Joe snorted. “You’ve had it in for Ace ever since we were kids,” he said.
“That’s not true.”
“He’s not a bad guy.”
“He’s a bad influence. He’s not your friend.”
“Jesus, I’m not ten years old anymore. I can take care of myself.”
Renee took a step closer to Joe. “I want to get you some help,” she said.
“Oh, Renee. Help?” Joe held out his arms wide like a T, as though to indicate all of it: the balcony, the city, the park, the sky. “I’m fantastic. Did you see Sandrine? Isn’t she fucking gorgeous? I can’t believe this is my life. Here. This. I’m doing great.”
“I’m worried about you.”
“You worry too much.” He smiled, and the dimples came up. In the dim light of the balcony, he did look like a kid, an oversize kid dressed up in his father’s clothes. “Go home, Renee. I don’t want you here. I’ve never wanted you here, hovering over me.” Now he fluttered his hands like moths. “You’re not my mother.”
To the east a plane descended toward JFK, its red lights blinking steadily, without urgency, and Renee thought for a moment of all the people contained inside. Eating, sleeping, listening to music, staring out at the night, waiting to arrive. The interminable descent and how shocking it always felt, how impossible, when the plane landed with a jolt and the transition from sky to earth was complete. There were moments in the ER that stretched on like that, past the end of Renee’s shift, past a four-hour night of dreamless sleep, into the next day and the next, on and on until another moment replaced it. Over the course of her medical career, there would be hundreds of these eternal moments. A girl with two black eyes, one broken arm, no shoes. The young woman, a lump in her breast the size of a lemon, the texture of stone. A boy, his name was Alexey, his right hand plunged into boiling water. He is very bad, the father said. How else to teach a lesson?

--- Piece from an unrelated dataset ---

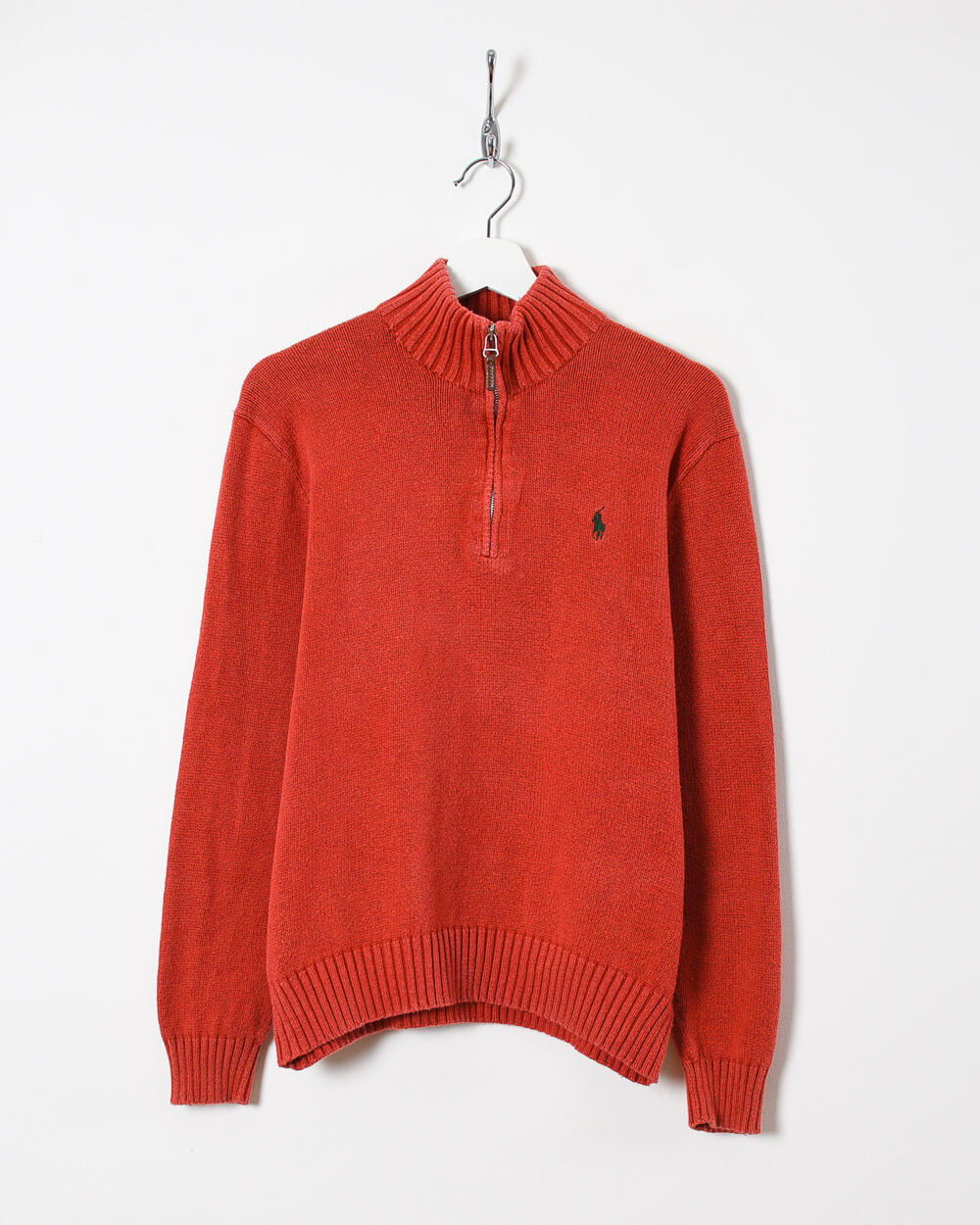 Ralph Lauren Women's 1/4 Zip Knitted Sweatshirt - Large - Domno Vintage 90s, 80s, 00s Retro and Vintage Clothing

Here with Joe on the night of his engagement party, looking past him to the glittering lights of Manhattan and the plane, obscured now by a ragged scrap of cloud, was not one of those moments. Her brother was right: look at all that he had. There was pain in the world, so much, and she had the capacity to ease some of it. Just a fraction, but still.
Renee turned and left our brother on the balcony. She found Jonathan and rode with him in a cab first to a twenty-four-hour pharmacy and then to his apartment, where she watched as he took his medicine. Then she put him to bed, and then, finally, after thirty-one hours of wakefulness and half doze, Renee was home in her own bed. Asleep.
*
How long was it before Joe called me? Perhaps two weeks, perhaps three. Every day that passed felt like a slap. Every day a reminder of the reading. Those minutes on the stage in Kyle’s apartment played again and again in my mind, hot and embarrassing.
When Joe finally called, I was getting ready for work. Sitting on the edge of the bed, I held the phone in my hand and watched Joe’s number flash on the screen. For me to accept an apology, I thought, it must be lengthy and sincere, perhaps even tearful. The poem was long gone, the paper thrown away, the file deleted from my computer. I would never write another word for Joe. Nothing for the wedding, nothing for a christening or graduation. This was what I planned to tell him, as though it would be the greatest insult, the harshest punishment.
I answered the phone. “Hi, Joe,” I said, the syllables curt and sharp.
“Fiona—” Joe’s voice sounded strange, strangled, as though he were trying to swallow but could not.